It was all that Cade Flowers, 5, could do to hold onto the armful of fresh squash he was carrying.
Making it even more difficult was the crush of shoppers attending Tuesday's opening day for the Farm Credit Farmers Market located behind the Maxwell Regional Agricultural and Convention Center, 3114 Wayne Memorial Drive.
Little sister Cannon Flowers, 3, tagged long behind Cade, occasionally stopping to touch the produce.
"He has a pocket full of money, and he is ready to go," said his grandmother, Wendy Pittman of the Nahunta community as she checked out the other fresh fruit and produce offerings from Britt Farms of Mount Olive. "They are probably picking out more than we can pay for."

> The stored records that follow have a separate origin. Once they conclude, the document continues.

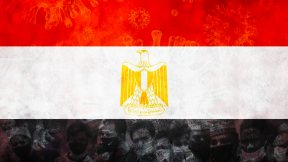 Global Covid Situation, Pt.7: Egypt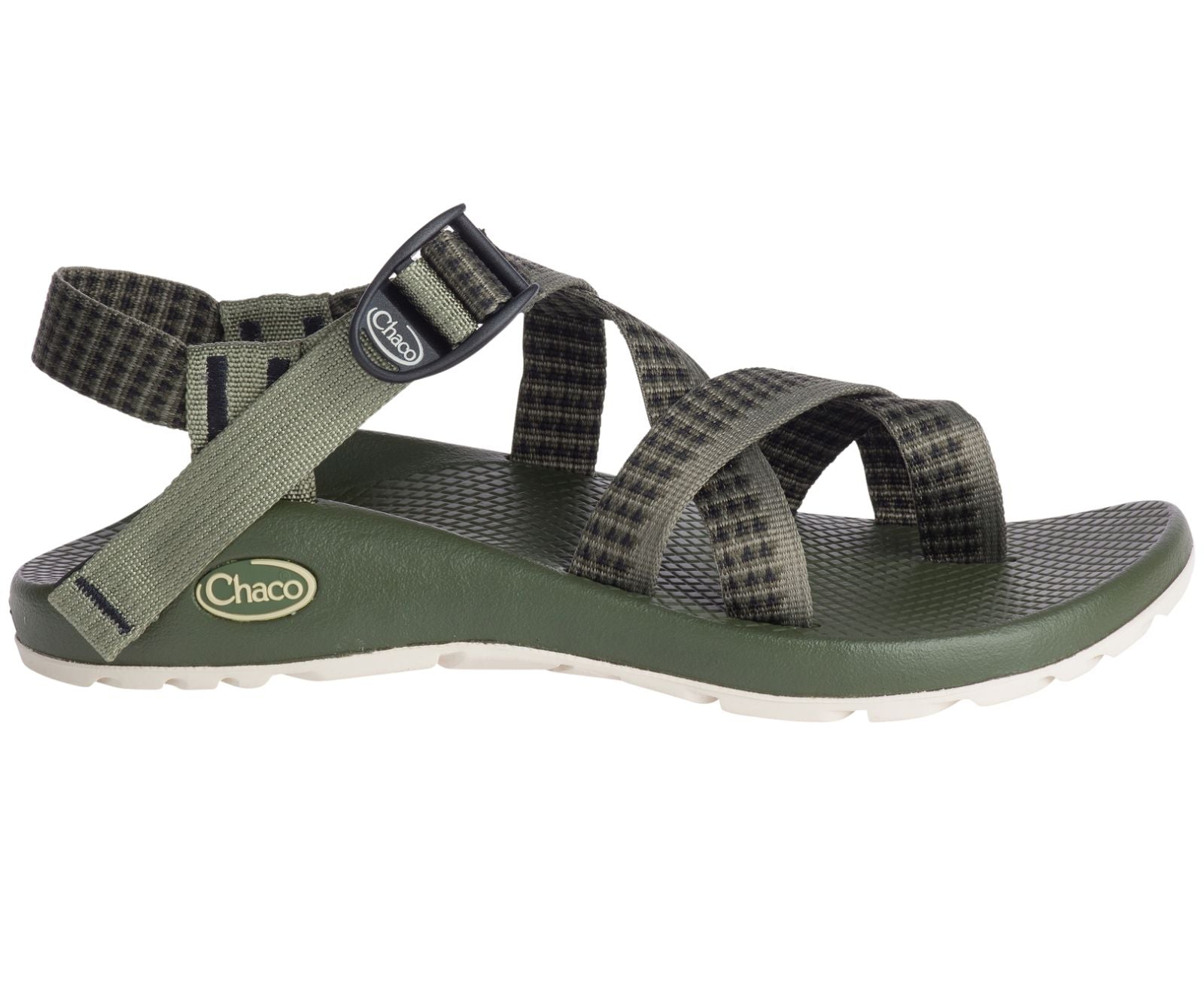 2 Classic Sandal - Hiline Sport -
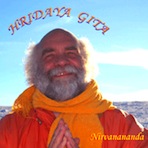 Hridaya Gita Cover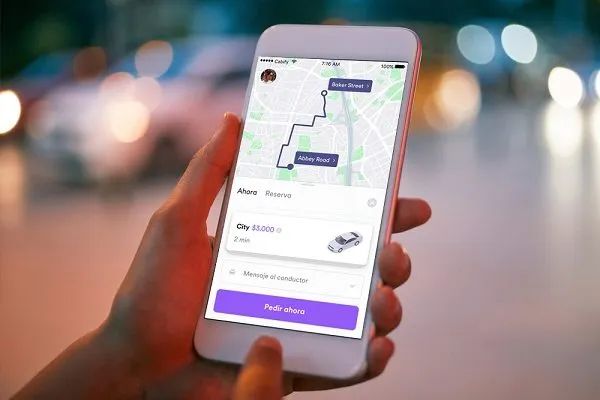 La Digitalización del Transporte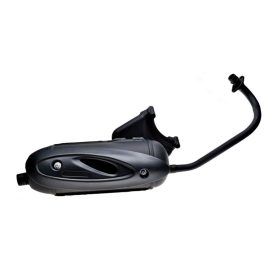 Kipufogó Piaggio Zip 4T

Pittman said she is excited about having local producers.
"We don't have to go to Raleigh anymore," she said. "My grandchildren are here. We definitely want watermelon, blueberries, peaches and squash. We are excited. We are excited about the whole (Maxwell) Center.
"It is fresh and it is beautiful, and I really want to see some flowers out here, like some flower growers and stuff and plants."
As an event planner, Pittman said the Maxwell Center campus is exciting for her and that the farmers market is much better than gardening herself.
"No bugs here. The best two rows (of vendors) we have are these two rows right here," she said making a reference to rows of crops.
Market rules require that vendors grow and/or raise a minimum of 50 percent of their sellable items.
Sellable items include vegetables, fruits, eggs, meats, cut flowers, bedding plants and transplants, local honey and dairy products.
Tuesday's offerings created rainbow of colors -- bright red tomatoes, yellow squash, green watermelons, zucchini and peppers, blueberries and peaches.
"This is an exciting day," Extension Director Kevin Johnson said, prior to a ribbon cutting to officially open the market. "We've had many attempts at a farmers market at several different locations, and this is Wayne County and Goldsboro's first permanent farmers market.
"We are really excited about that for many, many reasons. This is kind of the closure of this entire project (Maxwell Center) now. We have been talking about this for 15, 20 years or so."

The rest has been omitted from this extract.